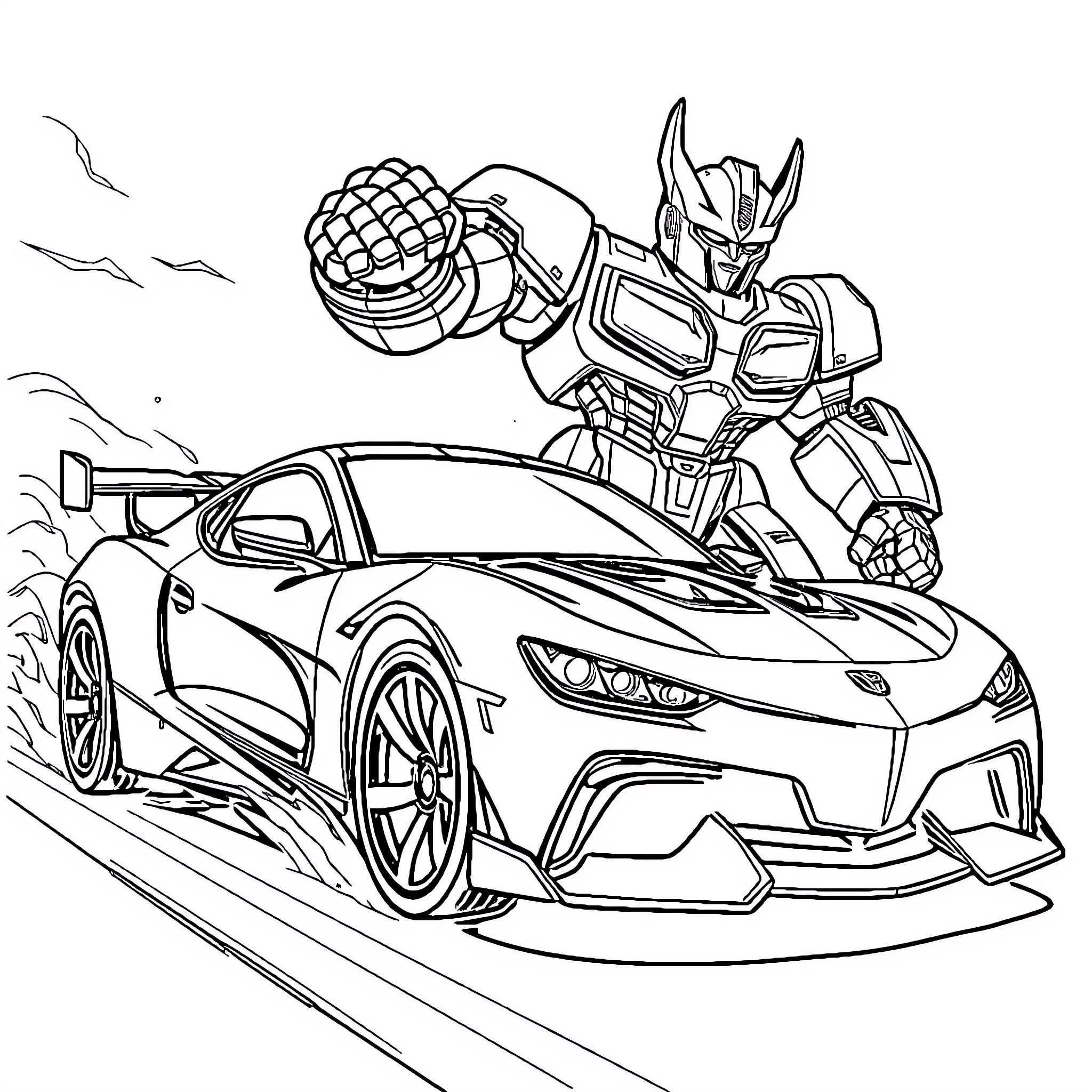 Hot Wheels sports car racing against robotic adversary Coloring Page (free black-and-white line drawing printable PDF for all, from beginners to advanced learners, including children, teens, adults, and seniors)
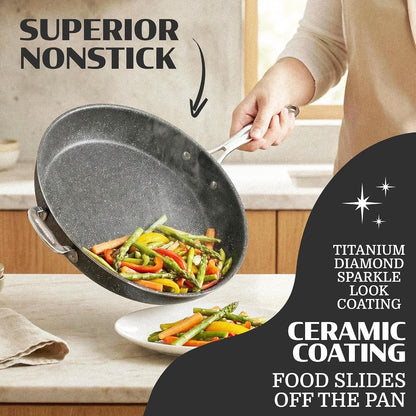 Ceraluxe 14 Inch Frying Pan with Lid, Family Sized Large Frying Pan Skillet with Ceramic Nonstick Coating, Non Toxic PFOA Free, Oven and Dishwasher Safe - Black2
==
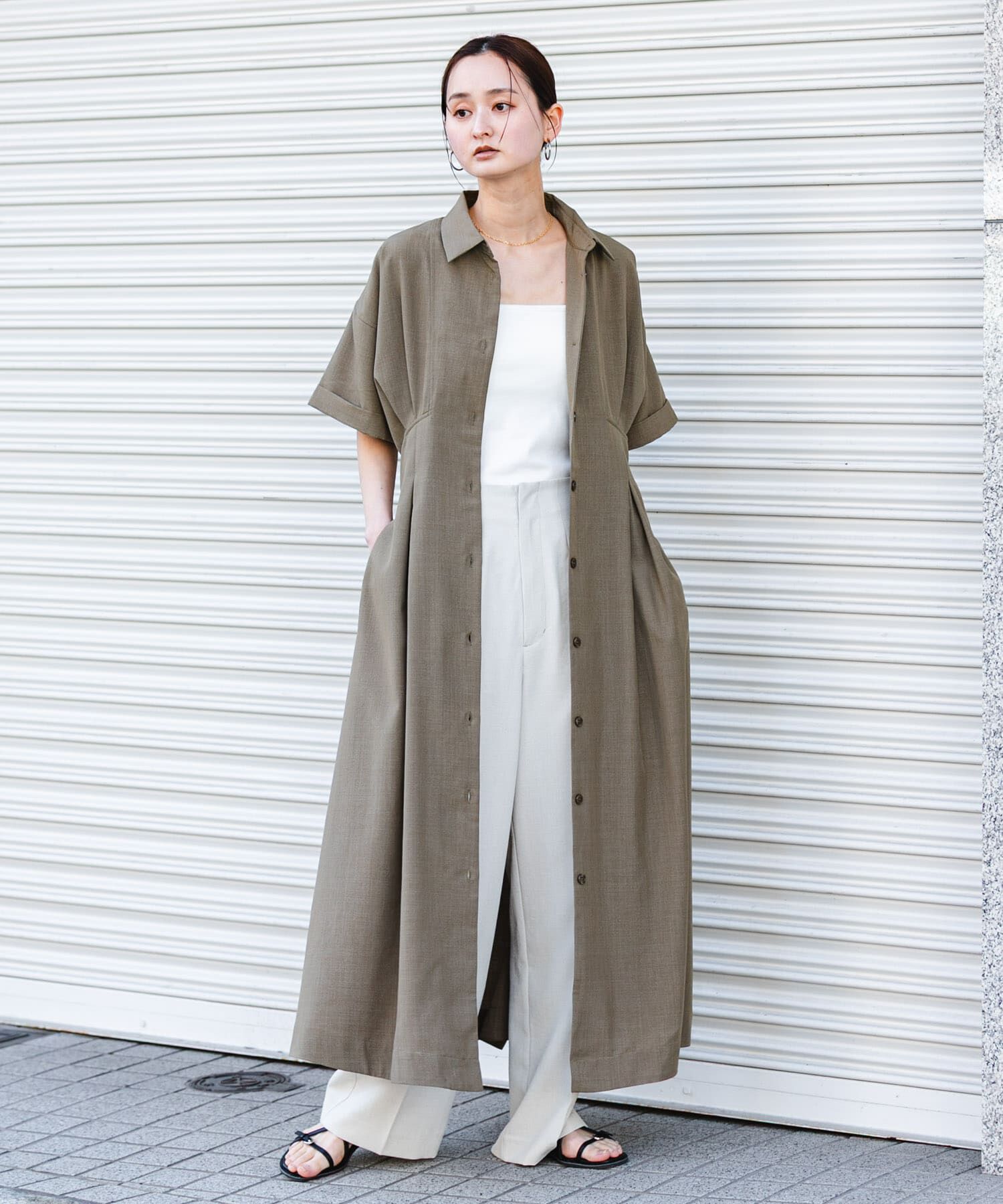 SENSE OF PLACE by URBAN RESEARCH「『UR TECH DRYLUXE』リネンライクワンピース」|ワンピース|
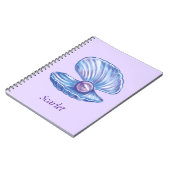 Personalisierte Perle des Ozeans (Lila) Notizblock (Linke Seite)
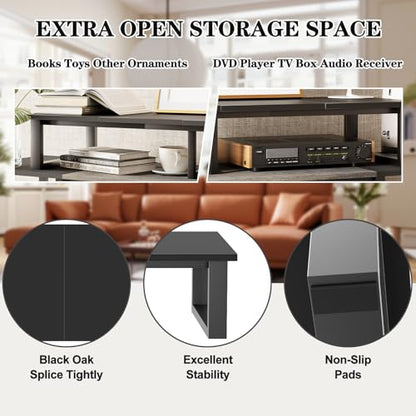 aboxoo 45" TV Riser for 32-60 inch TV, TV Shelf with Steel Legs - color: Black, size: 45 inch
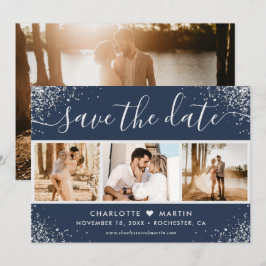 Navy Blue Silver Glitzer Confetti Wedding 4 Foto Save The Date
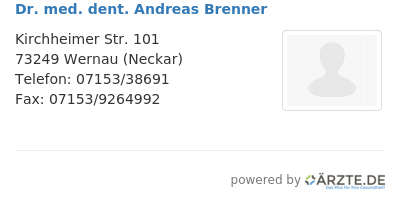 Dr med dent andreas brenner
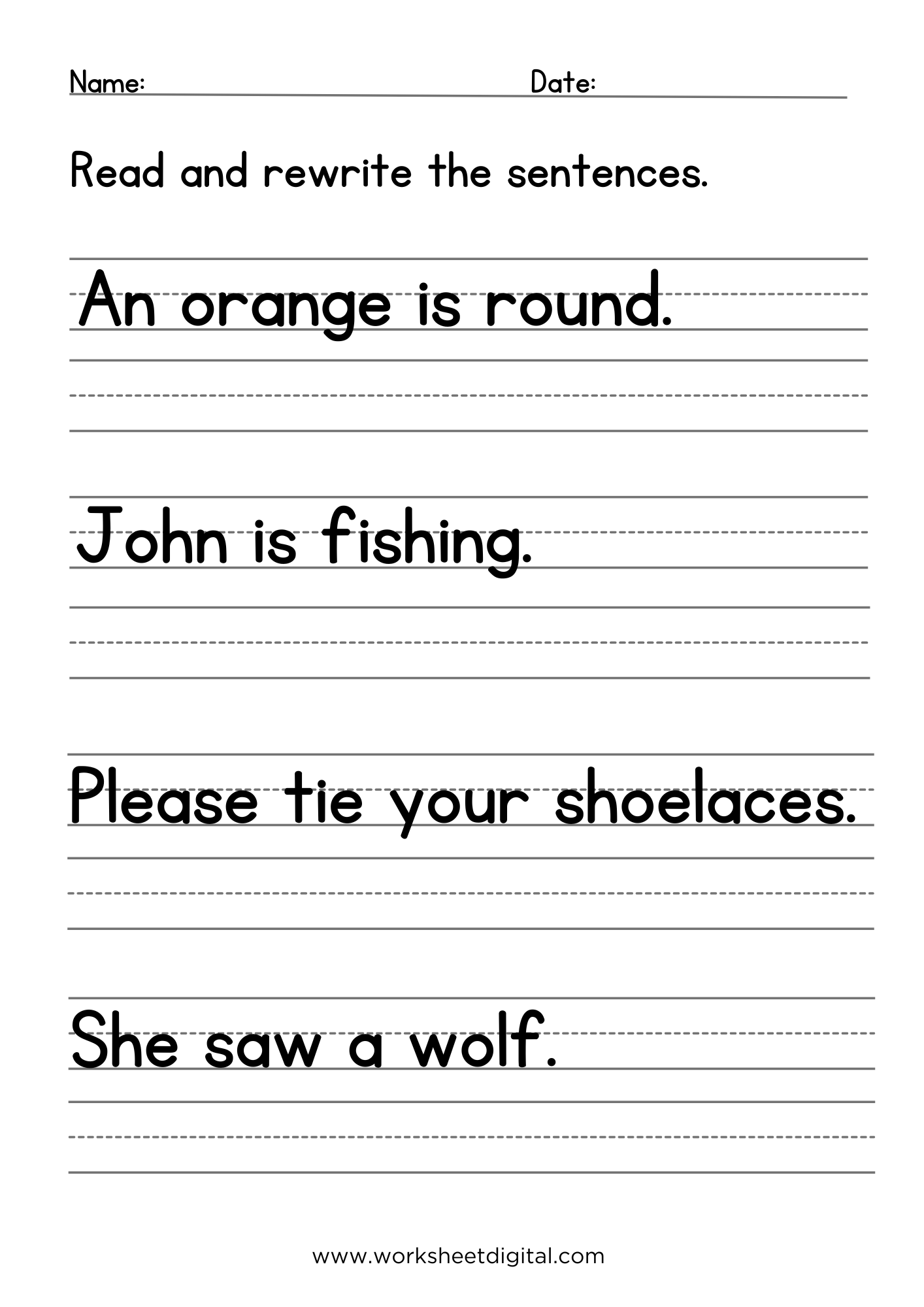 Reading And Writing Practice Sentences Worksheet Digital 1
---
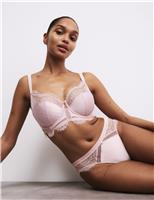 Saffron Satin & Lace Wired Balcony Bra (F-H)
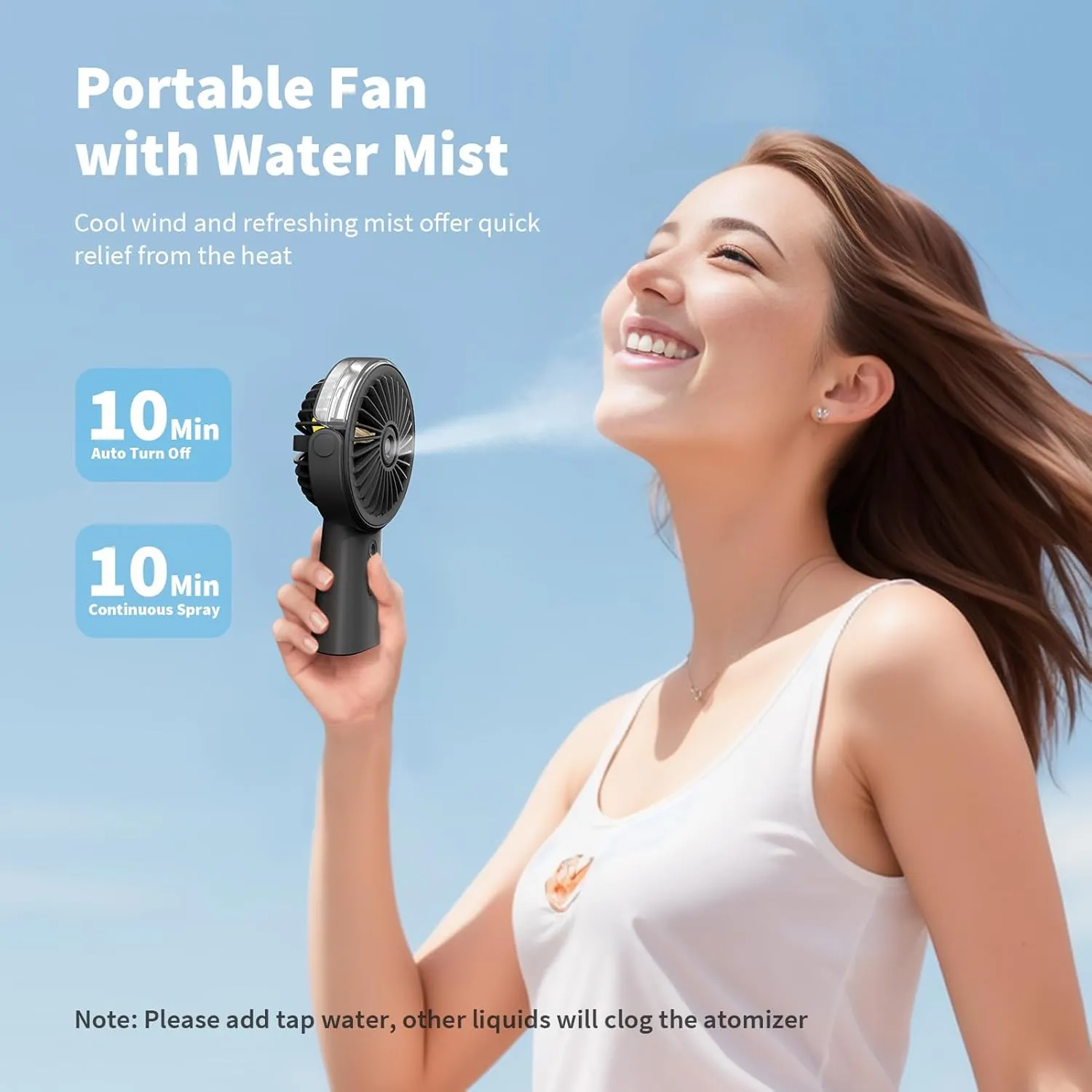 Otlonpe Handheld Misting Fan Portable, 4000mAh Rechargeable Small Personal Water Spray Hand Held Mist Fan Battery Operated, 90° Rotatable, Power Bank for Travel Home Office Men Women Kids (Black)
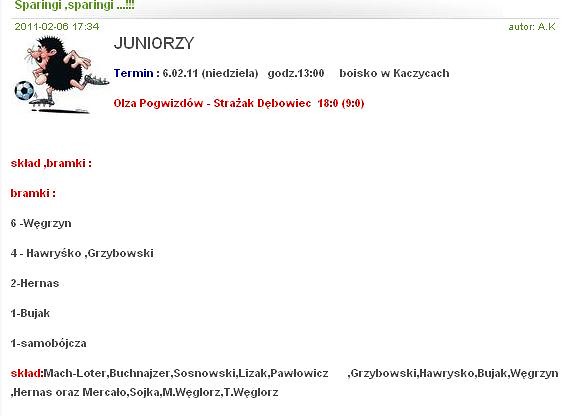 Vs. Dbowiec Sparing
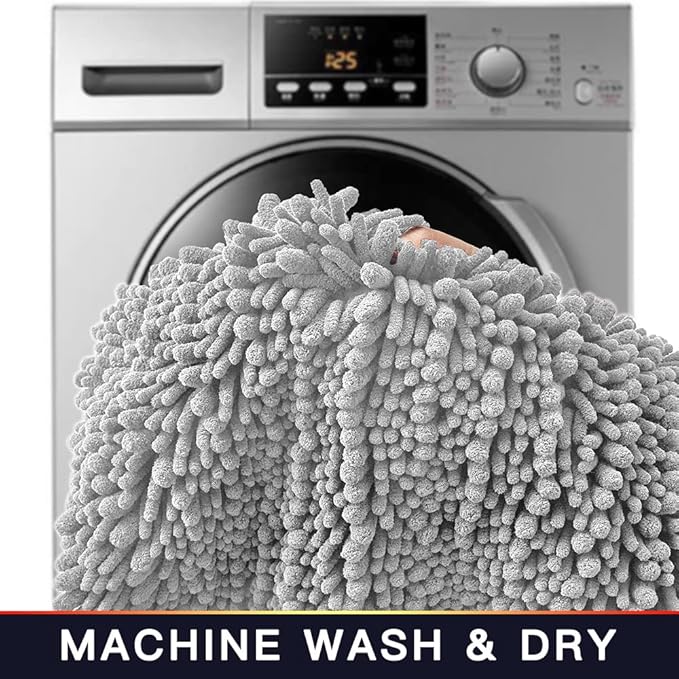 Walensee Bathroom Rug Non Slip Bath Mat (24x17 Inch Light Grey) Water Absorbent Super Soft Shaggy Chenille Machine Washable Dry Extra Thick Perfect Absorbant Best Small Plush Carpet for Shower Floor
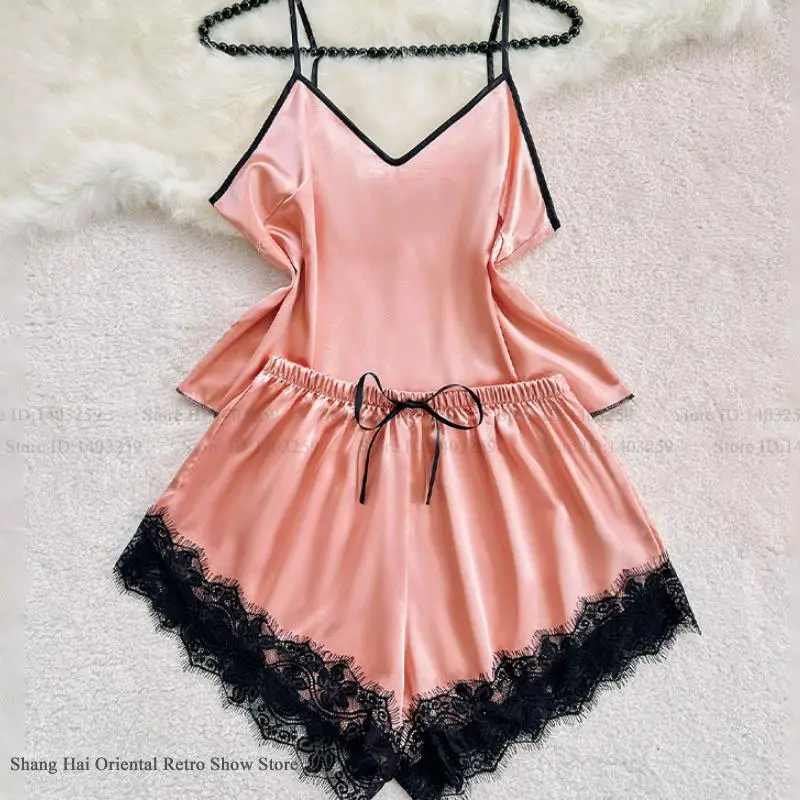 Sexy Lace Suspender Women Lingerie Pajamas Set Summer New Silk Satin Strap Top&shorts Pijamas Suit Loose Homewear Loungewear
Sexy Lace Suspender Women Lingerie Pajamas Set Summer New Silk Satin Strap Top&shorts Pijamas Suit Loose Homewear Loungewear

WHAT NEEDS TO BE DONE → Reproduce, exactly and only, the lines of the records above starting at the line with "Vs. Dbowiec Sparing" and ending at the line with "Walensee Bathroom Rug", both included. Leave every picture out.

RESULT BELOW →
 Vs. Dbowiec Sparing
 Walensee Bathroom Rug Non Slip Bath Mat (24x17 Inch Light Grey) Water Absorbent Super Soft Shaggy Chenille Machine Washable Dry Extra Thick Perfect Absorbant Best Small Plush Carpet for Shower Floor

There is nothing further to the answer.